Recently I had a little discussion with somebody who claimed that morality comes from within and that it is (therefore) totally subjective. — Matias
That's my view. (Not that I'm the person you had the discussion with.)
If they were, it would be up to any individual either to create or to sample his or her own morality, j — Matias
And indeed it is.
a moral system - unlike a piece of pop-music - has to be coherent and consistent. — Matias
No idea where you're getting that notion from. (Assuming it even works where we're talking about utterances that do not have truth values.)
Therefore moral values and rules exist "out there", they are not objective like the moon, but they have a status that is beyond personal whims and predilections. — Matias
What would that even mean? They're not objective like the moon, but they're not subjective either. What's the third option? (And if it's going to be "intersubjectivity," that doesn't amount to anything aside from the fact that people have subjective moral views that they can then utter objective agreement about, interact with other people with respect to, etc.)
I am (more or less) "free" to choose or adopt among existing moral systems (i.e. values and rules), — Matias
I don't think you are, really. Just as with beliefs, we don't really
choose them. That doesn't mean that we can't influence them at all--although it's not necessarily easy to influence them, but it's not like picking an ice cream flavor or something like that. You're going to believe what you do, feel what you do (about moral issues, etc.) because of dispositions you have, because of deep-rooted other beliefs and feelings you have, etc., where you didn't simply choose your dispositions.

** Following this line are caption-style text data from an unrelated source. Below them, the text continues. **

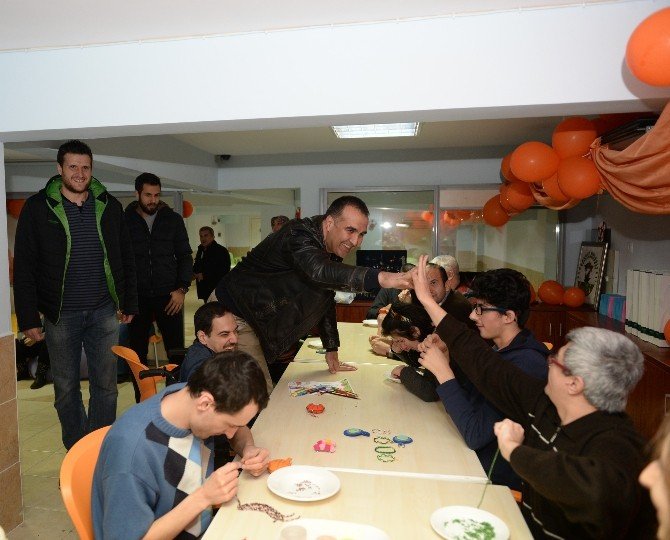 Bursasporlu Basketbolculardan Obam’a Moral Ziyareti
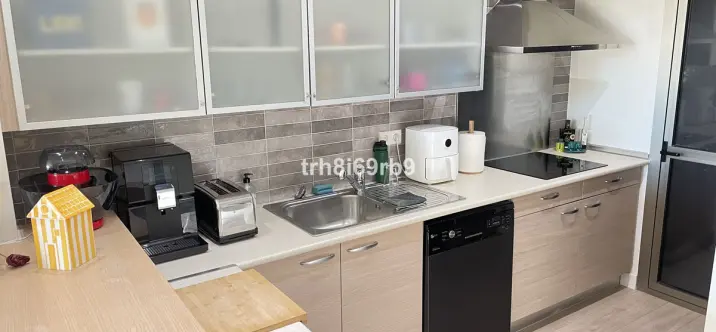 Продажа апартаментов на среднем этаже в Bel Air 3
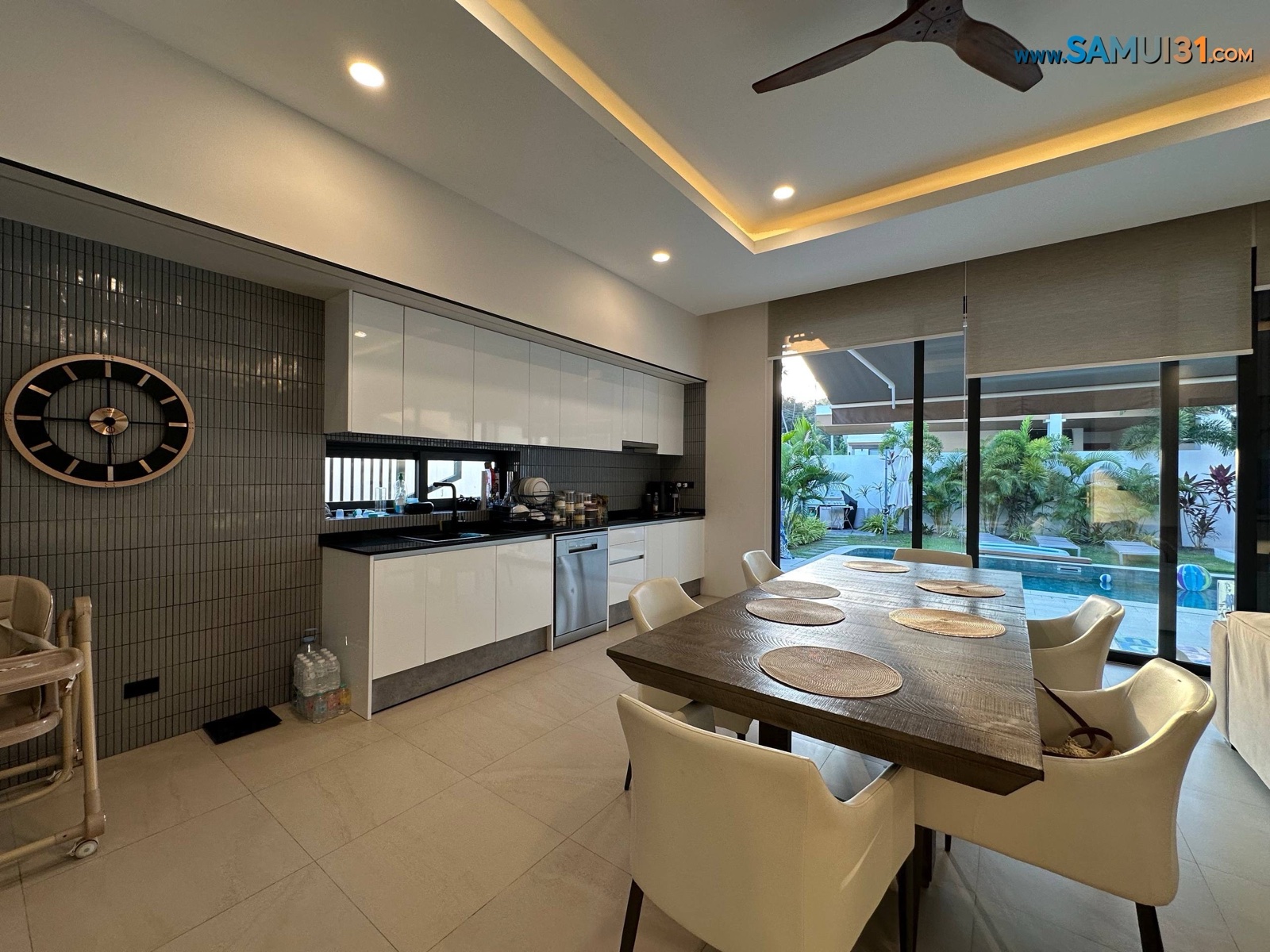 Вилла с тремя спальнями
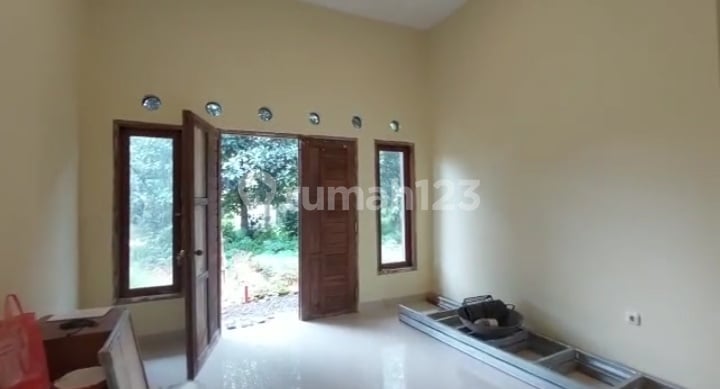 Rumah dan Tanah Dijual Murah Sertifikat SHM Bebas Banjir Dekat Gerbang Tol Borr di Waru Parung Bogor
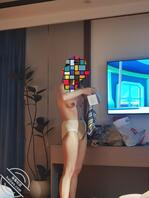 偷拍骚老婆，旅游在外住宿有娃不让艹，说忍一忍等回家再艹0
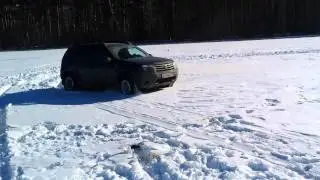 Дастер на льду.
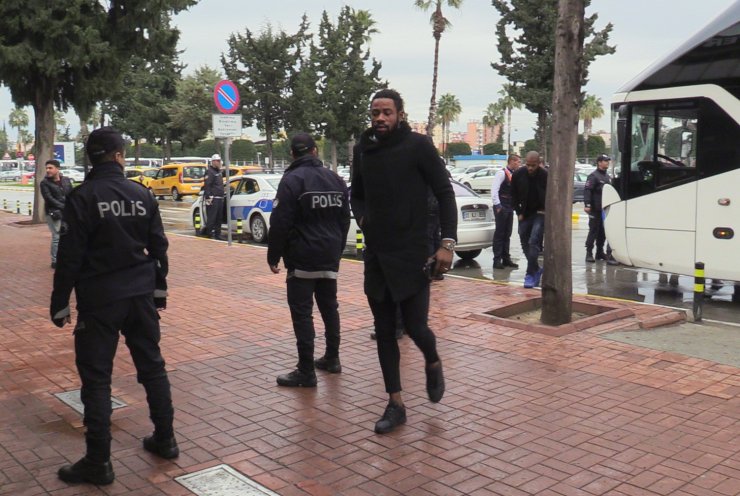 Galatasaray kafilesi Adana'dan ayrıldı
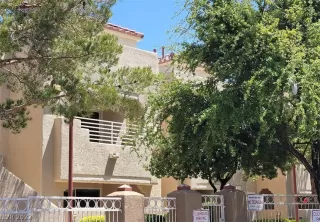 Photo #1: 2405219 Listing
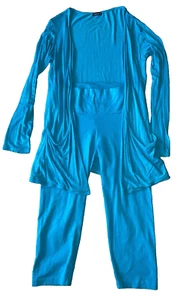 SHIRT JACKE + CAPRI LEGGINGS - FREIZEIT SET - TÜRKIS - Gr. S-M 36-38 - Bild 1 von 4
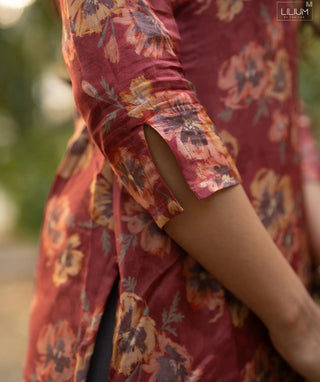 Dusty Rose Floral Muslin Kurti – 3/4 Sleeves Casual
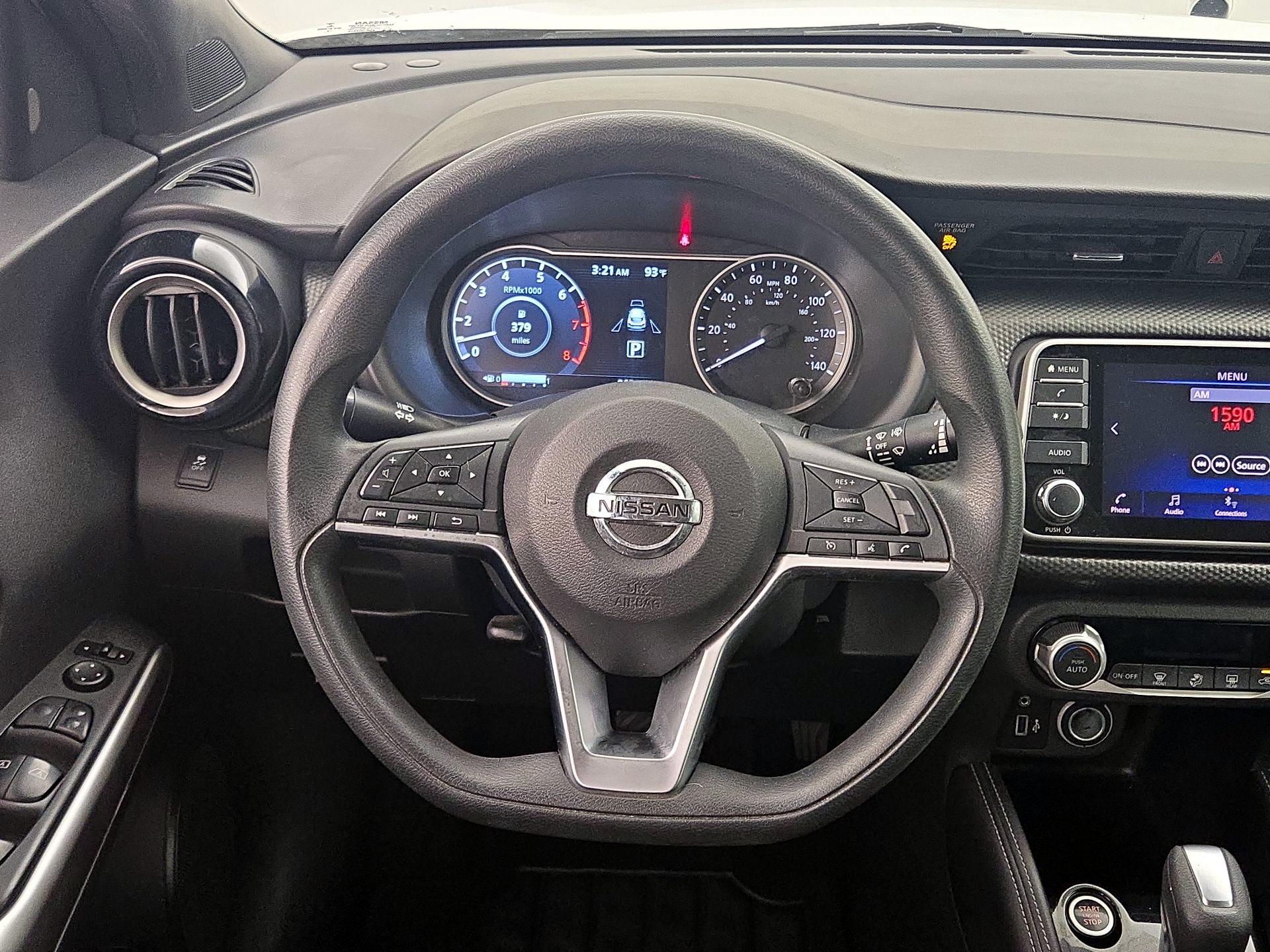 Thumbnail: 2018 Nissan Kicks - 10
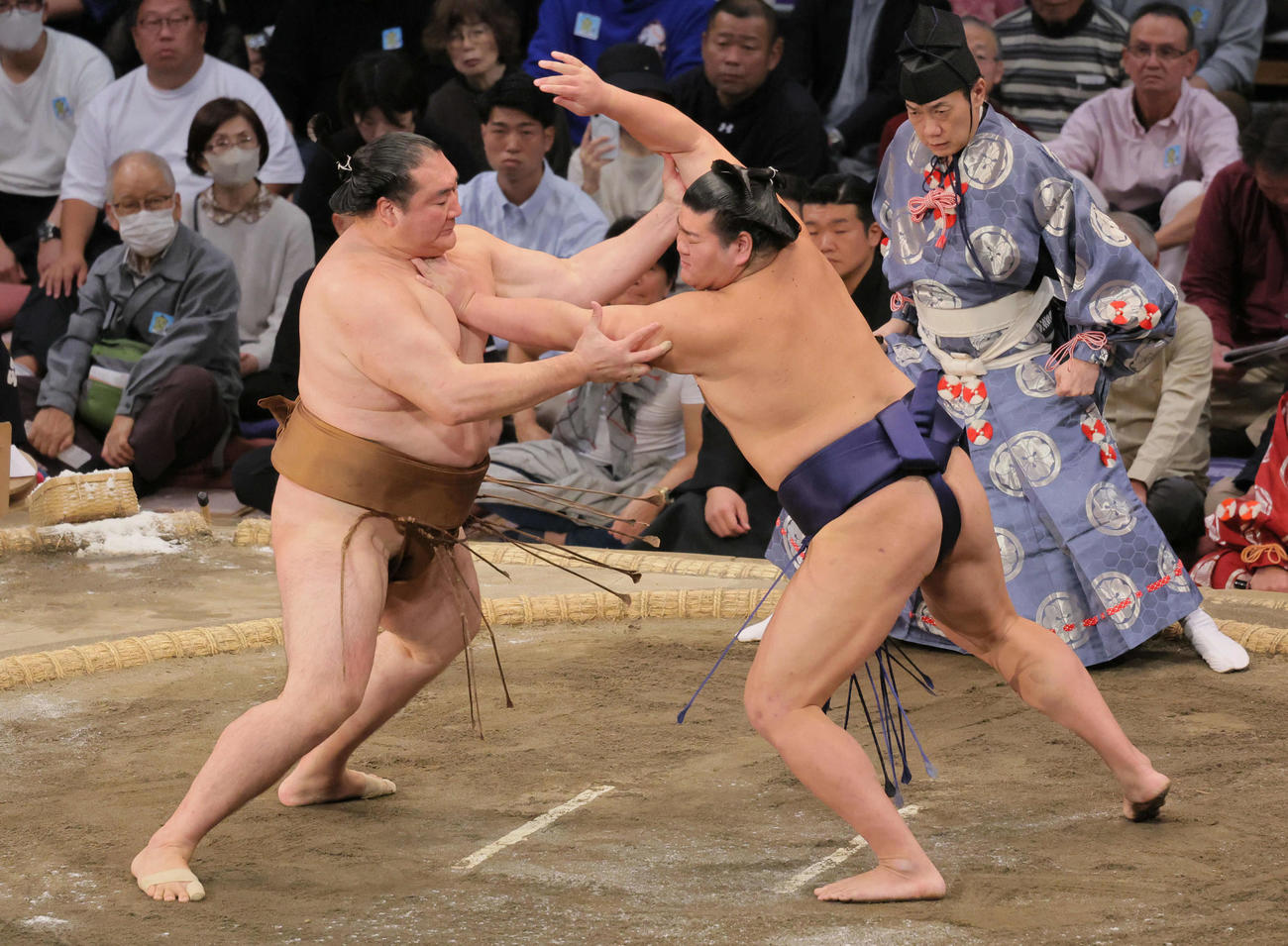 羽出山（右）は竜電をはたき込みで破る（撮影・宮崎幸一）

Another point liberal Westerners tend to forget: That we are able to leave the moral world of our family in order go "shopping around" in the market of existing moral systems is a privilege and an exception; it is not typical for morality as such. My guess is that if the vast majority of all people of the present or the past abandoned the moral system of their group (family, caste, class, village...) they suffered severe consequences, from being just the village weirdo, to being ostracized or even killed ("honor killings"). Those who take the moral world of the USA or Germany (as they are today!) to be representative for humankind in general must be really blinkered. — Matias
Here, you're confusing ways that one must behave publicly for practical purposes (to avoid being ostracized, jailed, lynched, whatever) with personal beliefs, feelings, etc.
Morality is a *social* phenomenon — Matias
People interact with each other in many ways that are related to their moral views. That doesn't make the moral views the same as that interaction. That's putting the cart before the horse. If you don't actually
feel that such and such behavior is right/wrong, permissible/impermissible, etc., then it's not a moral view that you hold (even though, for practical purposes, you might publicly act as if you do hold that view). Such feelings can't obtain socially.